Bangladesh has imposed a lockdown in a southern district that hosts more than 1mn Rohingya Muslims in an attempt to prevent the spread of the new coronavirus in the crowded refugee camps, officials said yesterday.
“Entry and exit from Cox’s Bazar district is prohibited from now on,” Kamal Hossain, chief of the district administration, said in a statement, after the country reported 218 cases of coronavirus and 20 deaths.
Stringent legal actions are to be taken against those who violate the order, Hossain said, adding that the restriction had been imposed in the “public 
interest.”
More than 1mn Rohingya refugees have been living in squalid camps in the south-eastern Bangladeshi district after they fled persecution in predominantly Buddhist neighbour 
Myanmar.
Of them, nearly 750,000 crossed the border following the 2017 military crackdown on the minority group in Myanmar’s northern Rakhine state.
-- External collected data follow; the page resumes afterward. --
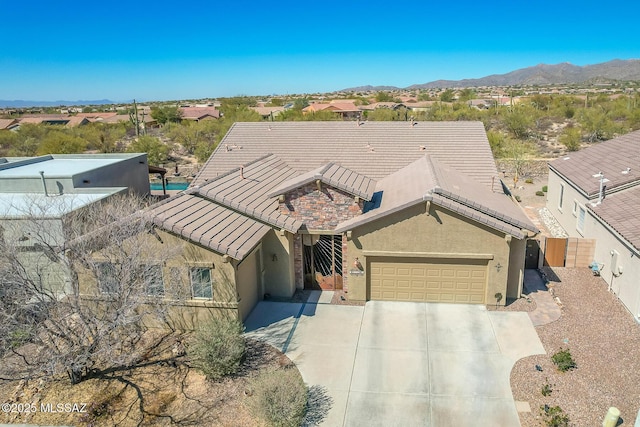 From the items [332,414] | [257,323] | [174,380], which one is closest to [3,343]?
[174,380]

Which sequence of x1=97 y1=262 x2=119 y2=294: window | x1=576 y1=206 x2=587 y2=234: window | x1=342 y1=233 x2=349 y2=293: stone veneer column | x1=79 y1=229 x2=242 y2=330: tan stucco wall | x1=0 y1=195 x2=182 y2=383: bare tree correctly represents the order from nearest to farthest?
x1=0 y1=195 x2=182 y2=383: bare tree < x1=97 y1=262 x2=119 y2=294: window < x1=79 y1=229 x2=242 y2=330: tan stucco wall < x1=342 y1=233 x2=349 y2=293: stone veneer column < x1=576 y1=206 x2=587 y2=234: window

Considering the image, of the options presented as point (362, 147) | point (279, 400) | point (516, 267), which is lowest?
point (279, 400)

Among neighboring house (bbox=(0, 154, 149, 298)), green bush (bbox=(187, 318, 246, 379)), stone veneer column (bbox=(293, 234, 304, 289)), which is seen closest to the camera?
green bush (bbox=(187, 318, 246, 379))

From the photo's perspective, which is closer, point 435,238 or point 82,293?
point 82,293

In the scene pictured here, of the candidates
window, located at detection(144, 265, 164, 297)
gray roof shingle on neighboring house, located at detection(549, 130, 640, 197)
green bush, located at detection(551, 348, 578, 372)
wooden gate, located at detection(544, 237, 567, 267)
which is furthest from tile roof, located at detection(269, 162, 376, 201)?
gray roof shingle on neighboring house, located at detection(549, 130, 640, 197)

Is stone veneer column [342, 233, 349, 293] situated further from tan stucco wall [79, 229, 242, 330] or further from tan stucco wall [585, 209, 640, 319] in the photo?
tan stucco wall [585, 209, 640, 319]

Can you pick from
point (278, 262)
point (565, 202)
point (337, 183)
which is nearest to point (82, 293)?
point (278, 262)

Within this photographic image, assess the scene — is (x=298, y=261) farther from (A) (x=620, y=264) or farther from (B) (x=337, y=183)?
(A) (x=620, y=264)

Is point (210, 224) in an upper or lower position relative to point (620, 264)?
upper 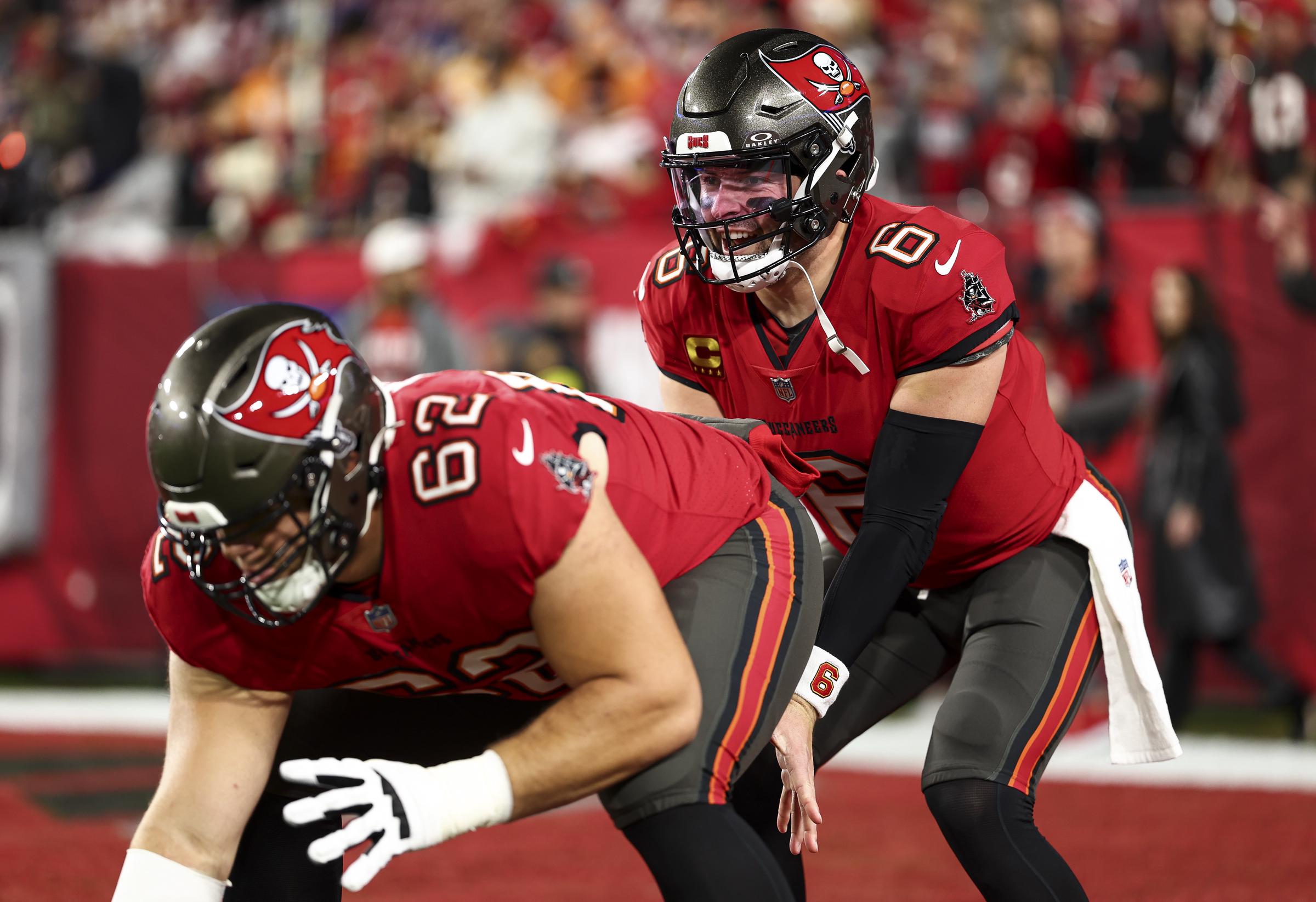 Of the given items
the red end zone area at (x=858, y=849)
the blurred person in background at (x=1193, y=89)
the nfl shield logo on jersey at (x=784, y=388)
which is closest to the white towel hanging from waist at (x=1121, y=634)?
the nfl shield logo on jersey at (x=784, y=388)

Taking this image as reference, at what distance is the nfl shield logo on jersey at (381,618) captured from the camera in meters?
2.50

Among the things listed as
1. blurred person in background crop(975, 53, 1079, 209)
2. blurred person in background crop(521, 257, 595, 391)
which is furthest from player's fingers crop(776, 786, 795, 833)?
blurred person in background crop(975, 53, 1079, 209)

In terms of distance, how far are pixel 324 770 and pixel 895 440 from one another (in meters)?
1.18

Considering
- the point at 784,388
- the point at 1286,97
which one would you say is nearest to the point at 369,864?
the point at 784,388

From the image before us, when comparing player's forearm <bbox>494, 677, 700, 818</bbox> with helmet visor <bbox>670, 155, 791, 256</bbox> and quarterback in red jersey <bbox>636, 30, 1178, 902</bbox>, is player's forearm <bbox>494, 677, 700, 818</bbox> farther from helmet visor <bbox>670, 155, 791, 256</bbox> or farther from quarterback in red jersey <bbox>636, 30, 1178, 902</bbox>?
helmet visor <bbox>670, 155, 791, 256</bbox>

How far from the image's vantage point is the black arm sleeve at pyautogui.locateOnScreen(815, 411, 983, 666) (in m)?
2.83

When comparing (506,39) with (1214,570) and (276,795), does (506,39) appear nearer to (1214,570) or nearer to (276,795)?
(1214,570)

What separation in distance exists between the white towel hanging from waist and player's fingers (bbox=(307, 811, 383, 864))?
1533mm

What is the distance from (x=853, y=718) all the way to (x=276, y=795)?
1.08 metres

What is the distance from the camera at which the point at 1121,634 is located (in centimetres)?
318

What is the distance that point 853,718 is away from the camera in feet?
10.3

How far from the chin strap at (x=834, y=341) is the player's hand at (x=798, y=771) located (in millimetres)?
619

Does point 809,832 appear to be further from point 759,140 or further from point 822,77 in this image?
point 822,77

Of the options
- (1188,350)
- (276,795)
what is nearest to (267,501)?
(276,795) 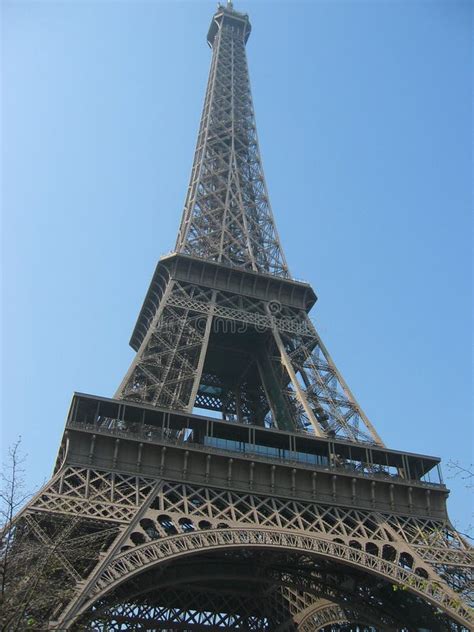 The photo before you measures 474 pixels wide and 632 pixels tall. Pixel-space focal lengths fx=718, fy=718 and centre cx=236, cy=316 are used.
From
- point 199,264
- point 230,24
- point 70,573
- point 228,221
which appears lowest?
point 70,573

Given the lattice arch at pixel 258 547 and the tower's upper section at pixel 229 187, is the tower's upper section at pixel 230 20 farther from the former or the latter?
the lattice arch at pixel 258 547

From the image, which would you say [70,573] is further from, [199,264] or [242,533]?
[199,264]

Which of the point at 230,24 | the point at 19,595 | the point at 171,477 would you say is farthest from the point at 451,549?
the point at 230,24

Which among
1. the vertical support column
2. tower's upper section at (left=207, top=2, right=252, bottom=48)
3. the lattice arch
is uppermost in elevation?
tower's upper section at (left=207, top=2, right=252, bottom=48)

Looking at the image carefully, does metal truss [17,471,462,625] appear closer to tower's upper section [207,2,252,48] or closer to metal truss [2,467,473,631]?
metal truss [2,467,473,631]

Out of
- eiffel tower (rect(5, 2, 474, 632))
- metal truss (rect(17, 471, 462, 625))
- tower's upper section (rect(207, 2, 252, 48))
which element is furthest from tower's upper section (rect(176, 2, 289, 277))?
metal truss (rect(17, 471, 462, 625))

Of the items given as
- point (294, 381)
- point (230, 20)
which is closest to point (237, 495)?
point (294, 381)
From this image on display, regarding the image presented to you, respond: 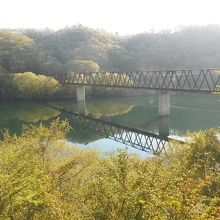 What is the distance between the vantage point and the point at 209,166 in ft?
38.5

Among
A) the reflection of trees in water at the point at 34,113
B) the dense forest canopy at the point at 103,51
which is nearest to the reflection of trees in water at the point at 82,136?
the reflection of trees in water at the point at 34,113

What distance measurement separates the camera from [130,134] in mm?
29969

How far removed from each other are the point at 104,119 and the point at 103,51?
47.6m

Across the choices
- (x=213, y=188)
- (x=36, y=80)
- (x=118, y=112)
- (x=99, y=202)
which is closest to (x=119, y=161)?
(x=99, y=202)

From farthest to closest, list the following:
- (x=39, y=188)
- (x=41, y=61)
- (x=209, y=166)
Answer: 1. (x=41, y=61)
2. (x=209, y=166)
3. (x=39, y=188)

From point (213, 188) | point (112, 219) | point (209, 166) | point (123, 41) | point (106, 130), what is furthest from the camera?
point (123, 41)

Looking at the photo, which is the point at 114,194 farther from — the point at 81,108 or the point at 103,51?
the point at 103,51

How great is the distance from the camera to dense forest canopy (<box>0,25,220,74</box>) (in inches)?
2635

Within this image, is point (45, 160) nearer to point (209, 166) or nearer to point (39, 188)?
point (39, 188)

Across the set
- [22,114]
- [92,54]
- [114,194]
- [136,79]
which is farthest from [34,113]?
[92,54]

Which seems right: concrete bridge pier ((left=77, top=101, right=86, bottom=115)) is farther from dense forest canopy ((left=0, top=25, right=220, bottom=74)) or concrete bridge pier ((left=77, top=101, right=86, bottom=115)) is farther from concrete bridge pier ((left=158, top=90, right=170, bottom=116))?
concrete bridge pier ((left=158, top=90, right=170, bottom=116))

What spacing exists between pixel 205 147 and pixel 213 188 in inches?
120

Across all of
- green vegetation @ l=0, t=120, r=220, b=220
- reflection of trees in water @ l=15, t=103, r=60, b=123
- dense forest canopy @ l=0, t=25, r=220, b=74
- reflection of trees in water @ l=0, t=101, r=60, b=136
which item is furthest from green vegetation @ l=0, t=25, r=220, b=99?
green vegetation @ l=0, t=120, r=220, b=220

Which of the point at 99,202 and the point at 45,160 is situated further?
the point at 45,160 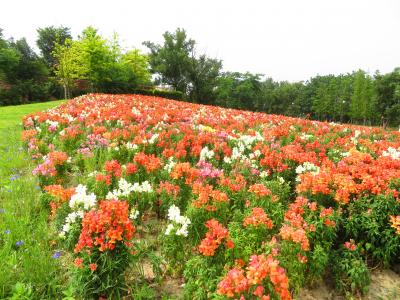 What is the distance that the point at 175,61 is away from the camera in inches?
1714

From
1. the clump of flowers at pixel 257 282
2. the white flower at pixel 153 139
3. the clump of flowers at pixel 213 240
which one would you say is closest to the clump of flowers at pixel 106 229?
the clump of flowers at pixel 213 240

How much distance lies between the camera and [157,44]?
50719mm

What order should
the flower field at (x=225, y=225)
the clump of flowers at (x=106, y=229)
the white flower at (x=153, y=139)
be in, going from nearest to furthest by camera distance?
the clump of flowers at (x=106, y=229)
the flower field at (x=225, y=225)
the white flower at (x=153, y=139)

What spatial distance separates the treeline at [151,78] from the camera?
2922 cm

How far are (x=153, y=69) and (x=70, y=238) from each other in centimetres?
4537

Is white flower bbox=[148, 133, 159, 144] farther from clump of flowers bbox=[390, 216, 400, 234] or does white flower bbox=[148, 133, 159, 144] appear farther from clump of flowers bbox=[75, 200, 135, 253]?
clump of flowers bbox=[390, 216, 400, 234]

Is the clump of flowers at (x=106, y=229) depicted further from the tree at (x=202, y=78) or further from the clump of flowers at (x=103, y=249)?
→ the tree at (x=202, y=78)

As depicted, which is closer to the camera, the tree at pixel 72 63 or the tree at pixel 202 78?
the tree at pixel 72 63

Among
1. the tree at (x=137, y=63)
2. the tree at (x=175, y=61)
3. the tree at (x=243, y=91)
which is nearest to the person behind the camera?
the tree at (x=137, y=63)

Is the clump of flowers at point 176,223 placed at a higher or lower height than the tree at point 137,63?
lower

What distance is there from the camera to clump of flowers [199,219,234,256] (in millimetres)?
2928

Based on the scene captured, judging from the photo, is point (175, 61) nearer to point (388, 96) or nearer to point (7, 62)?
point (7, 62)

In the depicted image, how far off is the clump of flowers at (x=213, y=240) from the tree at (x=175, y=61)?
42395mm

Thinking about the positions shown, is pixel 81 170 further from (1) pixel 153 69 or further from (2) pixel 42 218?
(1) pixel 153 69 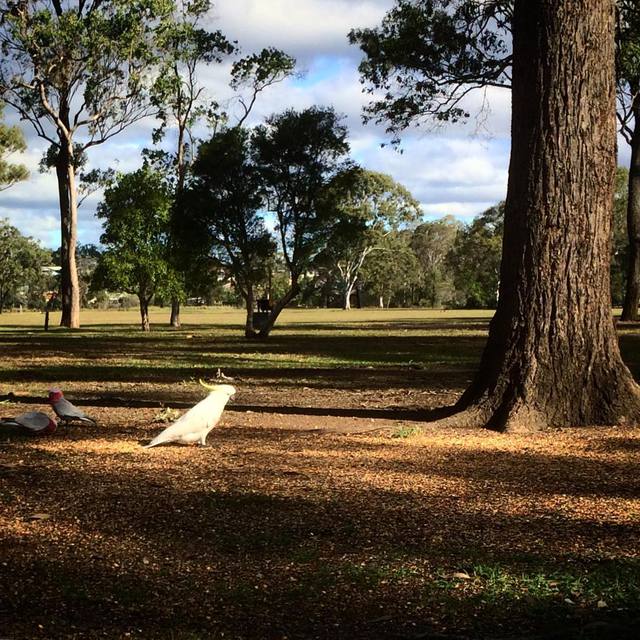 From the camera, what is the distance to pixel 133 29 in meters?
32.3

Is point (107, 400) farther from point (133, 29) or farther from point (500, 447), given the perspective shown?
point (133, 29)

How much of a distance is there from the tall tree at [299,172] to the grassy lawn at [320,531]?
17773 mm

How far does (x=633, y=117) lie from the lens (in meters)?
29.7

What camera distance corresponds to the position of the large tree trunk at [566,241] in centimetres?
768

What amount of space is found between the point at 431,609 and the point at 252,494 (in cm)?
214

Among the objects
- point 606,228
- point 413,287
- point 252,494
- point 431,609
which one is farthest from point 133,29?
point 413,287

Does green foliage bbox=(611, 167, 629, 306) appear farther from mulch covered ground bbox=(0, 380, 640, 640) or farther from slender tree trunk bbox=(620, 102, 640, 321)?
mulch covered ground bbox=(0, 380, 640, 640)

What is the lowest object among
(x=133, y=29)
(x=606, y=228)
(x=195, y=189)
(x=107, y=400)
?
(x=107, y=400)

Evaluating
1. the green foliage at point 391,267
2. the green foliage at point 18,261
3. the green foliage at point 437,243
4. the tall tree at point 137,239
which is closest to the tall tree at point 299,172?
the tall tree at point 137,239

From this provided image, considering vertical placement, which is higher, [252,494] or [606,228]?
[606,228]

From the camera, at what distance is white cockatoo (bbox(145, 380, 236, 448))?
676 cm

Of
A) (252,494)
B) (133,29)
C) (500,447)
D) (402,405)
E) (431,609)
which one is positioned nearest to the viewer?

Aid agencies fear that an outbreak in the tightly packed Rohingya camps, one of the largest refugee settlements worldwide, would be tough because of population density and a lack of 
medical facilities.
UN refugee agency UNHCR’s spokeswoman Louise Donovan said Cox’s Bazar district has extremely limited capacity to provide 
intensive care treatment.
But the government earlier said efforts were being made to improve hospital beds, isolation and quarantine facilities.
A coronavirus case was reported in the district last month,but the patient, a Saudi Arab returnee, twice tested negative and was released from hospital.
Bangladesh imposed a nationwide transport restriction alongside closure of all non-essential public and private offices, as well as schools, in a bid to slow the spread of the virus.